Je me dis que cette haine est causée par une situation négative, un manque de quelque chose, mais de quoi ? De qui ? Je me sens privilégié. Cette haine n’occupe pas mon esprit. J’ai les idées claires, cela me permet de réfléchir, de m’informer encore plus sur cette haine. Mais je ne la comprends toujours pas.
J’éteins mon téléphone. Je prends le bus. Sur l’autoroute menant à la gare, je vois cette haine à nouveau présente sur des graffitis sur le bord de la route, qui s’en prennent à une religion. Je repense à mes ami.e.s, celles et ceux qui m’ont parlé de leur foi – je ne comprends pas ces graffitis. Comment en est-on arrivé à ça ? Aujourd’hui plus que tout autre jour, j’ai honte.
Ignorance is bliss, mais aujourd'hui je ne peux plus ignorer, trop c'est trop, je cherche à ouvrir les yeux, à m'engager, à contribuer, il faut que je trouve un sens à mon propre cheminement. Est-ce qu'on peut aider en cherchant à atteindre les sommets, ou au contraire doit-on assister en commençant par des initiatives locales ? Je ne le sais pas encore, je dois le découvrir. Mais pour le découvrir, il faut commencer par agir. Des fois je perds espoir et je me dis que ce n'est pas possible, j'allume mon téléphone et je regarde des reels au lieu de m'instruire, puis je reprends conscience, mon optimisme revient et je me dis que c'est possible. On peut mettre fin aux actes de tortures dans des villages en Ukraine, aux bombardements sur les hôpitaux pour enfants à Gaza, au pillage extrêmement violent des ressources du Nord Kivu et bien d’autres problématiques fondamentales du XXIème siècle.
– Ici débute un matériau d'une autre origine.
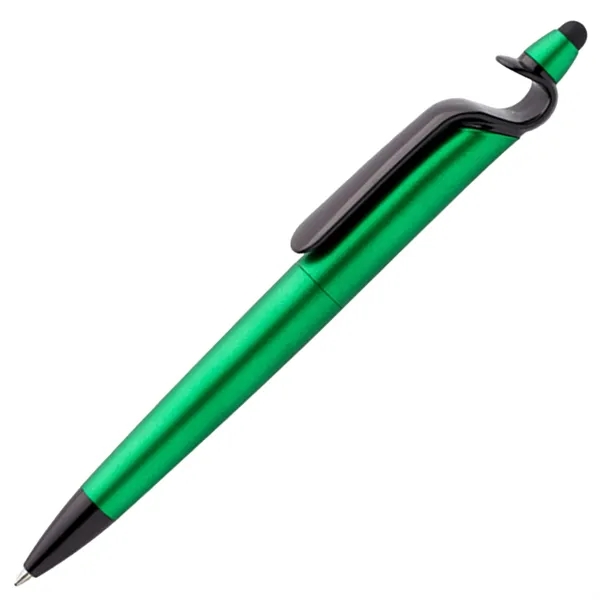 USA Printed Metal Pen w/ Silver Accents & Phone Stand - USA Printed Metal Pen w/ Silver Accents & Phone Stand - Image 3 of 4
Mais pour cela il faut mettre fin à cette haine qui me tend et me stresse.
Le bus arrive à la gare. Je descends et je monte dans le train. Je m’assieds et je mets de la musique dans mon casque. J’ouvre l’application d’un journal sur mon téléphone… ça y est, c’est officiel, l’extrême droite est au pouvoir en France. Je m’y attendais.
Je me réveille. Un très mauvais rêve. Un de plus depuis le 9 juin. Je me lève. Je me prépare pour aller voter. J’allume mon téléphone. Netanyahu vient d’être condamné pour crimes de guerre et crimes contre l’humanité. Je tablais sur une procédure qui durerait une dizaine d’années, je ne pensais pas que cela irait si vite. Je reprends espoir et je sors de chez moi. Je vais aller voter, et je sais très bien pour qui ce sera.
[1] Ignatieff, M. (1999). The Narcissism of Minor Difference. In: The Warrior’s Honor. New York: Metropolitan Books.
[2] La corrélation détermine une relation entre deux variables. Cependant, le fait que ces deux variables évoluent ensemble ne signifie pas nécessairement qu'une variable est la cause de l'autre. Il peut y avoir une troisième variable qui rôde et donne une apparence plus forte (ou plus faible) à la relation qu'elle ne l'est vraiment.